How do you see warehouse robotics evolving in Japan? Will it mirror the rest of the world? 

I see a few major steps in the global evolution of warehouse robotics. The ultimate goal I can see is the concept of dark warehouses, where every operation is done by robots and there are no humans at all. Now that’s a bit like fully autonomous cars. Sure we know we will get there in the long term, but there are many steps in between which offer a lot of opportunities for disruption.

In the medium term, I see the combination of robotics with warehouse-as-a-service providers as  a major offering. Take grocery, for instance. World over, grocery warehouses deal with the same inventory, similar storage requirements and similar transportation pressures. So they need to  optimize for speed without sacrificing flexibility. I think this is where the combination of the older, more rigid technologies with the newer AMRs can lead to build warehouse-as-a-service. 

As for Japan, I think the more interesting question is whether it will lag or lead the world. Although Japan may be relatively late in adoption of warehouse AMRs, we should note that there is a tremendous interest and appetite to use AMRs. I believe it will soon be a leader in AMR adoption as the technology matures. 

How is Rapyuta different from other companies in the warehouse AMR space?

I think the primary difference is that Rapyuta brings a very fresh philosophy to the market.

Rapyuta believes in a platform driven play. By focusing on our core competency, we leave the field wide open for business application software and Integration with third party software. Even for hardware, we believe in partnering with robot makers for anything other than the one robot type we have developed in-house. Our focus is very clear – to give the customer the best solution possible. For that, we stick to doing what we are best at – which is the core robotics platform and software – and partner for the rest of the solution.   

What are the challenges and opportunities unique to the warehouse PA AMR space? 
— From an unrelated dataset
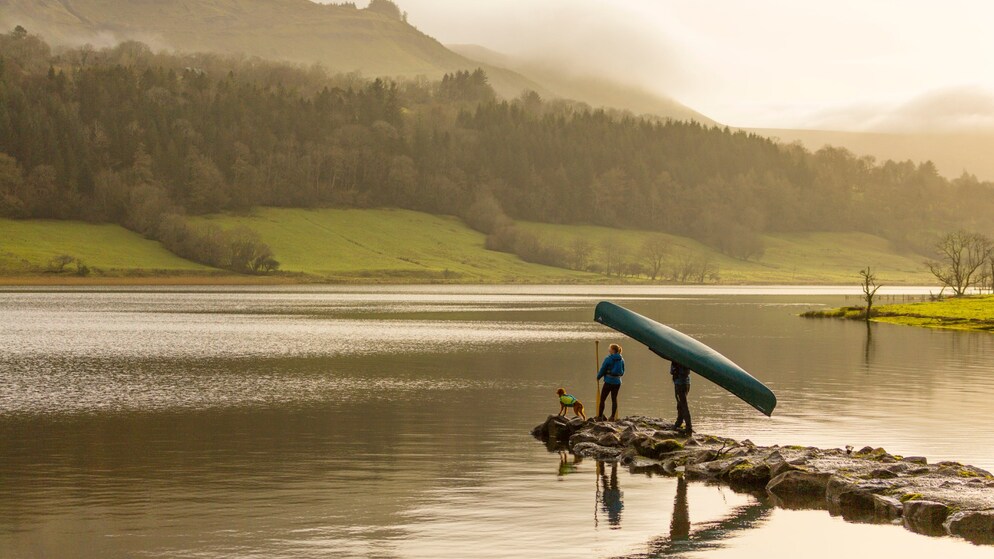 sustainable-how-to-BG-invert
I think the main opportunity is to make AMRs a generic enough offering that can be deployed in virtually any warehouse. The challenge here is the technology, mainly the navigation, which needs to be improved to a level that robots can travel in any environment. In my view, this will be through a combination of better sensors and better software so that inputs from multiple sensors can be fused together to make the right decisions. 
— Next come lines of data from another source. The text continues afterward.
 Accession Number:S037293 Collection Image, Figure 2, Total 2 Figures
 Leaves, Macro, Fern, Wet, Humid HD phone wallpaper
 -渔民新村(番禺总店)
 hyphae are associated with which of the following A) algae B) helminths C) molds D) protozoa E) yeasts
The second opportunity is to make installations nearly instantaneous. The main bottleneck here is that most warehouses have legacy WMSes or ERPs which are usually heavily customized. As a result, integrations take up several months unless there are adapters for the specific WMS. I think the most promising solution in this space is Warehouse Execution Systems (WES). Rapyuta is open to working with promising WESes who can help reduce the integration workload without sacrificing flexibility. 
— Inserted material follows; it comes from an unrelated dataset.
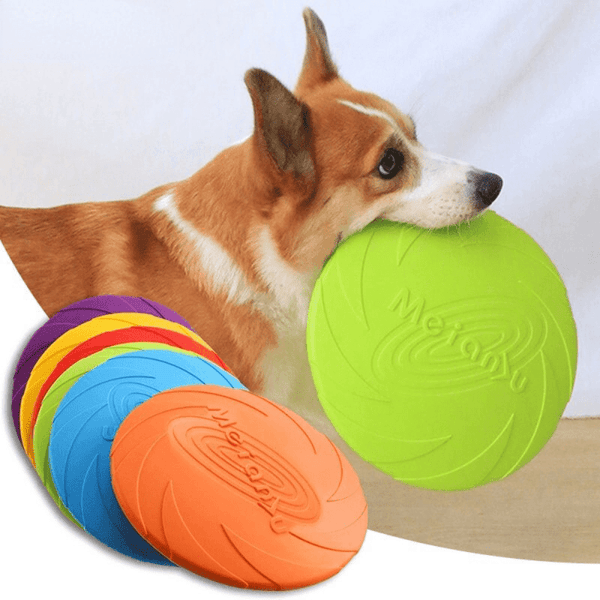 FRISBEE POUR CHIEN RESISTANT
The third is to enable collaboration between different types of robots. This requires an understanding of the main inventory flows in the warehouse and automating them in a repeatable and efficient way. This is where I see rapyuta.io, Raypyuta’s cloud robotics platform in conjunction with the WES, as holding tremendous promise for solving the challenge for both scale and scope.

Overall, I think warehousing robotics is a very exciting space to be in at this time as it’s poised for takeoff over the next few years.